Look below for the line that contains "NETGEAR Orbi 870", then copy it and each following line to the end of the records, minus any pictures.

DATA EXTRACT START

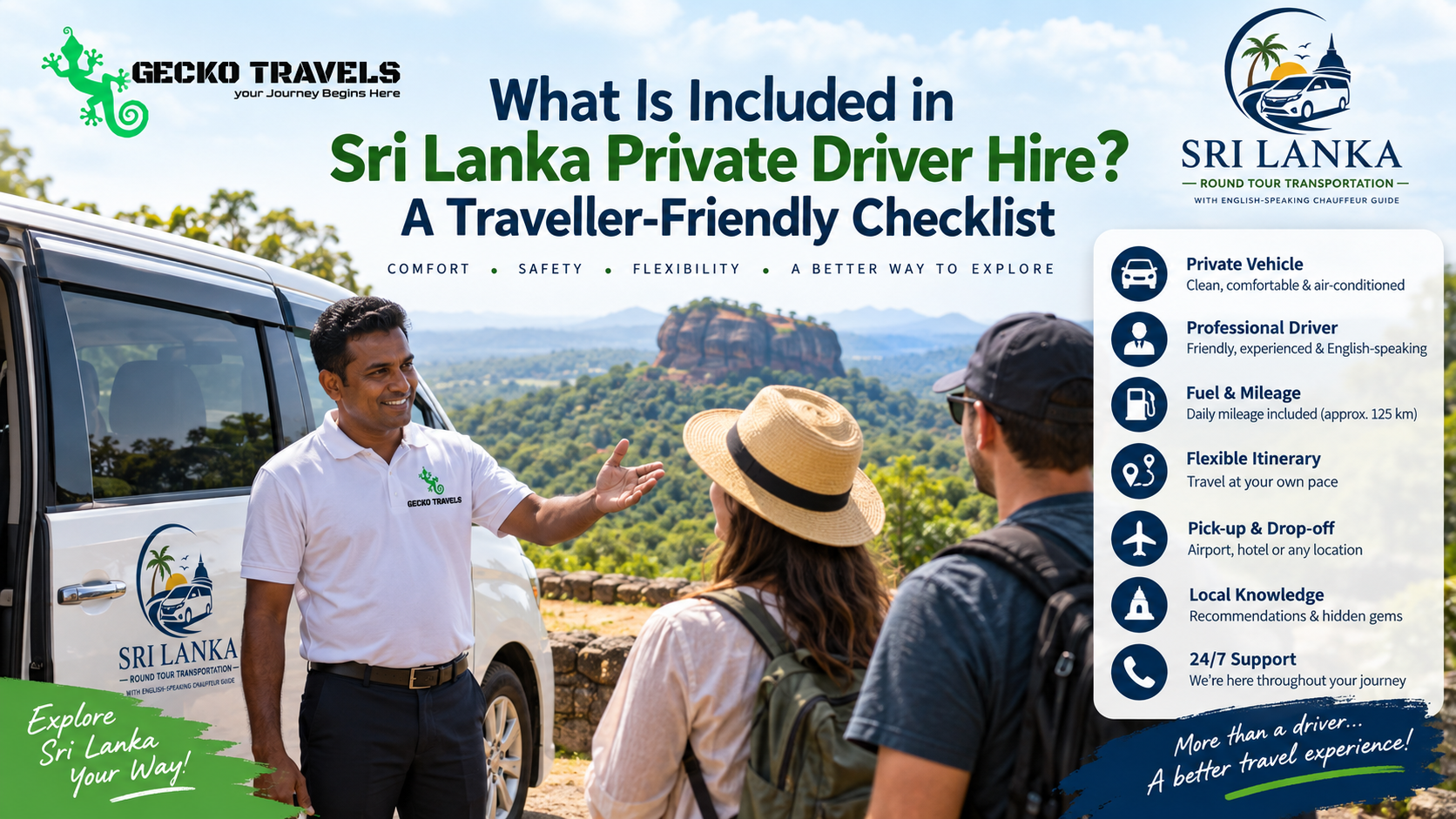 What Is Included in Sri Lanka Private Driver Hire? A Traveller-Friendly Checklist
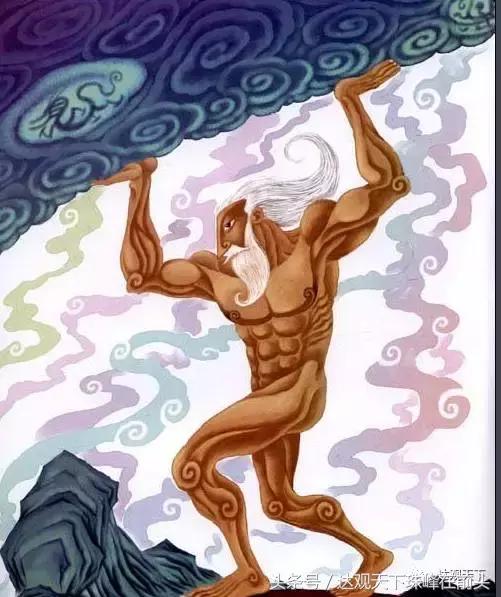 上古十大正神盘古排名,人祖盘古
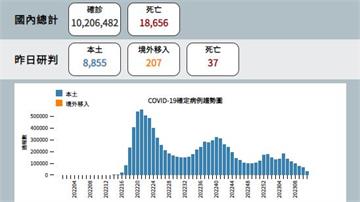 今本土增8855例、死亡37例 境外+207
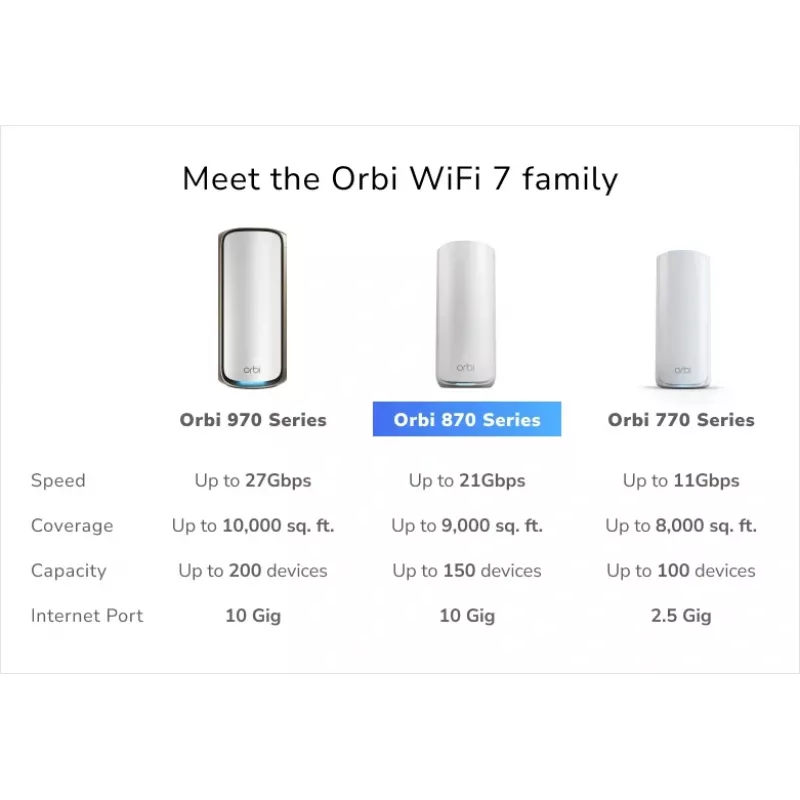 NETGEAR Orbi 870 tri-band (2,4 GHz / 5 GHz / 6 GHz) Wi-Fi 7 (802.11be) wit 4 intern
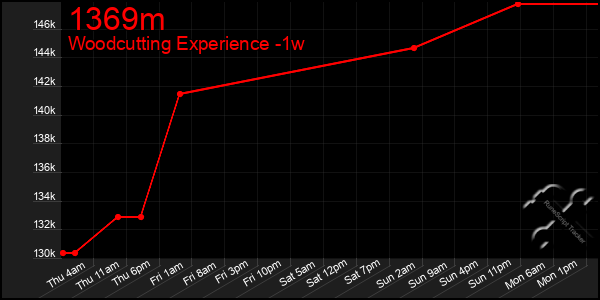 Last 7 Days Graph of 1369m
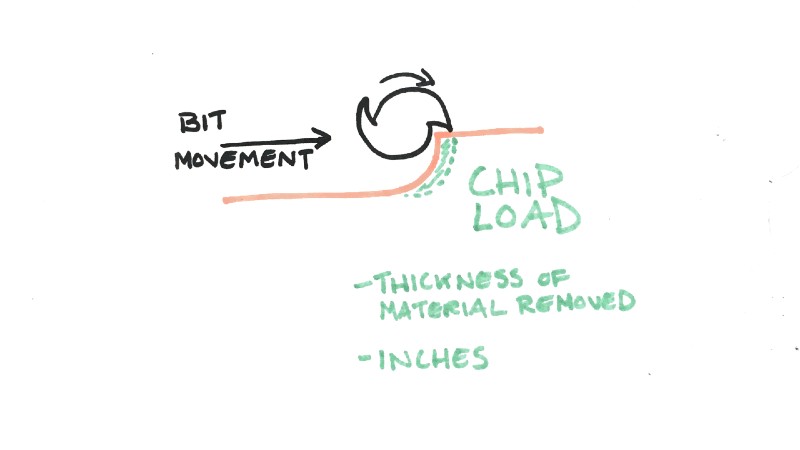 A diagram showing chip load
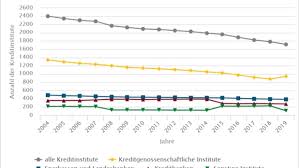 Seit 1998 verlief die entwicklung allerdings unterschiedlich: Banken Sterben Erreicht Neuen Hohepunkt Vielen Filialen Geht Es Nicht Schnell Genug Chip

DATA EXTRACT END

_TASK RESPONSE_
 NETGEAR Orbi 870 tri-band (2,4 GHz / 5 GHz / 6 GHz) Wi-Fi 7 (802.11be) wit 4 intern
 Last 7 Days Graph of 1369m
 A diagram showing chip load
 Seit 1998 verlief die entwicklung allerdings unterschiedlich: Banken Sterben Erreicht Neuen Hohepunkt Vielen Filialen Geht Es Nicht Schnell Genug Chip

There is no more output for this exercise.